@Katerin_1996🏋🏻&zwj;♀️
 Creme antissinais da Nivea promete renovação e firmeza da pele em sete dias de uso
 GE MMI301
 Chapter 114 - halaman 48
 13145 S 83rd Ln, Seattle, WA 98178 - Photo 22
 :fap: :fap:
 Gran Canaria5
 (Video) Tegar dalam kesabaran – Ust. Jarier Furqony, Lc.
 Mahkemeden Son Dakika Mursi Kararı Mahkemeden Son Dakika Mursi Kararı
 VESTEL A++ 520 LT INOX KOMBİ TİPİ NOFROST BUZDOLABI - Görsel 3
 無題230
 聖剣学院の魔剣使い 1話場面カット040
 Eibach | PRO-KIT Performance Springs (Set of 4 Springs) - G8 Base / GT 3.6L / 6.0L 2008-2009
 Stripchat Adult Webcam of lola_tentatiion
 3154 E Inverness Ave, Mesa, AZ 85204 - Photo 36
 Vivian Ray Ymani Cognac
════
**Task goal:** Search the lines above for the string "Photo", then show every one that has it.

**Written answer:**
 13145 S 83rd Ln, Seattle, WA 98178 - Photo 22
 3154 E Inverness Ave, Mesa, AZ 85204 - Photo 36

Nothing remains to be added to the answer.